What the article tries to do is go beyond the pure focus on agricultural production and apply a nutritional lens to look at how production and nutrition combine on a global scale. More specifically it looks at how national production diversity relates to nutritious diversity and how both measures of diversity affect nutrition and health.

Our discussion was very interesting and many drew upon own knowledge and examples which further enriched it. From the paper, we gathered there is an important distinction to be made between production diversity and nutritional diversity. In West Africa, for instance, production diversity is high, yet because a large amount of the food grown is staple crops like rice, maize and sorghum they score low in nutritious food supply. We also found that income appears to play a large part in diversity of nutritional diversity. Wealthier countries, regardless of domestic production, can just import the food they need, whereas poorer countries lacking that ability have to rely more on their national production. This brought about an interesting discussion on how globalisation and international trade affect which products are most profitable to produce for a country, regardless of their nutritious value.

The paper also brought up the issue of food reliance. We considered a future world where trade is made more difficult, and wondered if wealthier countries who are now overly dependent on importing nutritious food from elsewhere will be the ones suffering most if trade becomes restricted. Likewise, we discussed the current global food system and examples from around the world where the reduction in biodiversity in crops has caused negative outcomes in yields, threatening the ability of future agricultural production and the supply of nutritious food.
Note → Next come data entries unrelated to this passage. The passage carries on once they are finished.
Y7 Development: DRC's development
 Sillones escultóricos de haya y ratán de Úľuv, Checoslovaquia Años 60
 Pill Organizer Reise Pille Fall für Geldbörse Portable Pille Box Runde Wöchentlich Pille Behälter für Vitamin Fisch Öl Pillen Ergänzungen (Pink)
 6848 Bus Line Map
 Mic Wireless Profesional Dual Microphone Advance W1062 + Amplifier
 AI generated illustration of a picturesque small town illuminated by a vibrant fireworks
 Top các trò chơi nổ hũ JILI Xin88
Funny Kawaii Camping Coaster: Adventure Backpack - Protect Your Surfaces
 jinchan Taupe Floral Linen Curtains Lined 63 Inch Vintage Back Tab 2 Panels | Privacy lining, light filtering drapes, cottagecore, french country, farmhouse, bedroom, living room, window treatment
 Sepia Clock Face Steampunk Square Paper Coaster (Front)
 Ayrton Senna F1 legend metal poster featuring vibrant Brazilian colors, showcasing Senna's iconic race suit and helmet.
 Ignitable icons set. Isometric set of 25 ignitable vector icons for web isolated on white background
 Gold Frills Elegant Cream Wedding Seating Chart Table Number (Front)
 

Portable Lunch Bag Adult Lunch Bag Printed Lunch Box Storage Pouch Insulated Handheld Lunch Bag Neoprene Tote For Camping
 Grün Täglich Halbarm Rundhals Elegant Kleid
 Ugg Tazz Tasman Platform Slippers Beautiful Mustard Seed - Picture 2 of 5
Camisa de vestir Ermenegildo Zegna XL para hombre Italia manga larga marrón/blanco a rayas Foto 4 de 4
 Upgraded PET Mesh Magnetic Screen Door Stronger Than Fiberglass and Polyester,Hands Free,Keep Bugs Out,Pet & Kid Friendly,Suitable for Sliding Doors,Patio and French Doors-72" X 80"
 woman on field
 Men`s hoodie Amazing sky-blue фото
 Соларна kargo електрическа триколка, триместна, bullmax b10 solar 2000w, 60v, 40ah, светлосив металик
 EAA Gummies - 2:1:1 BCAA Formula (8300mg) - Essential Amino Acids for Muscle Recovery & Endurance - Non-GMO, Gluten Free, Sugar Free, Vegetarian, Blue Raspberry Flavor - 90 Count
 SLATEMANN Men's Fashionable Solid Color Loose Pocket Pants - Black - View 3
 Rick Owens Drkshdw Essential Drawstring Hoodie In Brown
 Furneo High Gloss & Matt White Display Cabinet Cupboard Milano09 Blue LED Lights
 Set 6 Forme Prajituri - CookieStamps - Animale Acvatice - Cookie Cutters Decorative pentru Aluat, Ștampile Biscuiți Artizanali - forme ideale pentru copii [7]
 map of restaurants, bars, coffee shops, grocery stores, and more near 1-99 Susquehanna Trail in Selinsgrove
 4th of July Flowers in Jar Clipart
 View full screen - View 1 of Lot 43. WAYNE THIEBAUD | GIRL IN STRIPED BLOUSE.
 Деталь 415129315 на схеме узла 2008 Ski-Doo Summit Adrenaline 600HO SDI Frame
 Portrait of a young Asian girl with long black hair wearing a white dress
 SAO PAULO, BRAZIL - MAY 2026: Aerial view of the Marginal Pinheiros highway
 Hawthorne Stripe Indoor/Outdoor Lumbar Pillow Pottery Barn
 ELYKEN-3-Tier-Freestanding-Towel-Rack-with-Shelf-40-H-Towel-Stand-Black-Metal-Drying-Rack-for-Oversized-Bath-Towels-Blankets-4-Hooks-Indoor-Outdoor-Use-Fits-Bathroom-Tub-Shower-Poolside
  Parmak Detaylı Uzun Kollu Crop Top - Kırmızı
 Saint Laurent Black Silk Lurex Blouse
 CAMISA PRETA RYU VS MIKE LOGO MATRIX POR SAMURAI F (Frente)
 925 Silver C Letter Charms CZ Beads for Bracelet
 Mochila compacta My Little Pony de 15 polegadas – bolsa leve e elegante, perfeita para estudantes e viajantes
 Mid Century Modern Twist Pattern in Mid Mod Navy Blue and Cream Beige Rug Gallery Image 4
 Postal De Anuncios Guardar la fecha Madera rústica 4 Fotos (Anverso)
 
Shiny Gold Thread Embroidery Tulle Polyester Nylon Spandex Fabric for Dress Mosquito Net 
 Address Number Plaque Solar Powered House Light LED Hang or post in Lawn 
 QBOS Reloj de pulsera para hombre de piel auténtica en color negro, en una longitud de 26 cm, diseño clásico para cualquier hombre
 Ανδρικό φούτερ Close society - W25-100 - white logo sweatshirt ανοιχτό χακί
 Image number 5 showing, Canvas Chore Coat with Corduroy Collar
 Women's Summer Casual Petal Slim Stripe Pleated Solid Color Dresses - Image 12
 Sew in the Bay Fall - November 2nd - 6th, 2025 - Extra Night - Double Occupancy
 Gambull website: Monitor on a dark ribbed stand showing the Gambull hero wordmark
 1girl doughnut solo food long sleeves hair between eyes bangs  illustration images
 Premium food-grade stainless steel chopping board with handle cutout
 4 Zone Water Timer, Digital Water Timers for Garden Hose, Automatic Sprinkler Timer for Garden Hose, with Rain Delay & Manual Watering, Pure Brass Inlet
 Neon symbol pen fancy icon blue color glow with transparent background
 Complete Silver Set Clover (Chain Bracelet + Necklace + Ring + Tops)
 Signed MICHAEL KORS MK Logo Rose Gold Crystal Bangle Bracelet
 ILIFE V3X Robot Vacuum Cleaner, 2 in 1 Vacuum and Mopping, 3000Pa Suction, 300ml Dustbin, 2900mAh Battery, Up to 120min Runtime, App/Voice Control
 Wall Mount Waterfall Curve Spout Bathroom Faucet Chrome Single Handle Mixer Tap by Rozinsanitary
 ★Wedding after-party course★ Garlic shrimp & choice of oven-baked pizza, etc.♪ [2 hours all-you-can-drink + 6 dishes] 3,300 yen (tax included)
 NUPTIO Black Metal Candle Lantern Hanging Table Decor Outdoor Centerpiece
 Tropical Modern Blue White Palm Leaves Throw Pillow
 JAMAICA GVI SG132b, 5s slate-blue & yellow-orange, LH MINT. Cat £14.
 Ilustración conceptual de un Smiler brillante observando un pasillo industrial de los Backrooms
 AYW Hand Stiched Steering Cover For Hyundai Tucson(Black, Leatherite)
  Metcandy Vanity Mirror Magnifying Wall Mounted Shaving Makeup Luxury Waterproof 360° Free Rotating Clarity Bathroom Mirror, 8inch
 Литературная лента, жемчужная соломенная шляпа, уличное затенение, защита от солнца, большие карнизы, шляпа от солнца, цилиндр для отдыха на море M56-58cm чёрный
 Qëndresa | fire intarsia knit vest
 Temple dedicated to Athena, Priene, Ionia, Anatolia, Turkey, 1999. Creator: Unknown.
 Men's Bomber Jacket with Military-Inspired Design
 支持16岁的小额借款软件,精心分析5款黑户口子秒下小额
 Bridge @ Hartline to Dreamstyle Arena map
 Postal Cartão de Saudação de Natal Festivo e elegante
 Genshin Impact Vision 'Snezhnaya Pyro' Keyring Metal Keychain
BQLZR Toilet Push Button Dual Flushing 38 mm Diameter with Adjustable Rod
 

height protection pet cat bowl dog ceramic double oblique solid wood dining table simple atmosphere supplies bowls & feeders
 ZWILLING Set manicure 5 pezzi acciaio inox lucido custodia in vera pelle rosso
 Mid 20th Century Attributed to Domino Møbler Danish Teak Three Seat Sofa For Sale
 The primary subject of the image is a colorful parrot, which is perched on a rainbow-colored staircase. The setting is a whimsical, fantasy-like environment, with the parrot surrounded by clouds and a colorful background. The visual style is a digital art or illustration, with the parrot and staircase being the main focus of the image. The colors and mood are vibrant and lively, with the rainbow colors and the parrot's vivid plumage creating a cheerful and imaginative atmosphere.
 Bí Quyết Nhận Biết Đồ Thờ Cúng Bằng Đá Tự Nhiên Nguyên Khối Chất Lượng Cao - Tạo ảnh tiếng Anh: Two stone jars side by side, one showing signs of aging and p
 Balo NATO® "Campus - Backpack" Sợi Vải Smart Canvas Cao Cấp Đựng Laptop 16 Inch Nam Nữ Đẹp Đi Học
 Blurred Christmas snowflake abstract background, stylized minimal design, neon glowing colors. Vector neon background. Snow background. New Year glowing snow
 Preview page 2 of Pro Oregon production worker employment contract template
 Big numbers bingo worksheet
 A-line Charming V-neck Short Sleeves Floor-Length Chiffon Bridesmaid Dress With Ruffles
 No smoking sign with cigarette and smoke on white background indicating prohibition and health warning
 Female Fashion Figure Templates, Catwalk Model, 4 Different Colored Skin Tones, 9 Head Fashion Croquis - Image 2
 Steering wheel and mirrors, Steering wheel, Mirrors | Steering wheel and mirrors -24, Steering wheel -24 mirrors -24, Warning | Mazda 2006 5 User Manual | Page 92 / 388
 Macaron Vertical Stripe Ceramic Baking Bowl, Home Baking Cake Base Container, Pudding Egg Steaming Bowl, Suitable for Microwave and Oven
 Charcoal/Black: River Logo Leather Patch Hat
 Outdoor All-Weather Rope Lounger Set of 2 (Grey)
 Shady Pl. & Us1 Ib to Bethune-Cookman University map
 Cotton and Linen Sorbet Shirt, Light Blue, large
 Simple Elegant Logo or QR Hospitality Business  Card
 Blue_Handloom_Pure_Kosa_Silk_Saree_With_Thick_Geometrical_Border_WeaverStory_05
Lastly, we acknowledged the gaps and limitations of the article and thought especially about the fact that food production for household consumption and subsistence farming is not included, although for the developing countries especially this production can make up a substantial part of daily diets, providing important nutrients. Had this data been available perhaps it would paint a different picture of national food diversity.

I daresay we all agreed that monitoring the nutritious value of the food produced is important and there is a need to consider this fact when decisions on food productions are made. We are, however, questioning whether it will be emphasised as much as profit does in today’s system, thinking trade will still be a main driver over which type of food is produced and consumed where.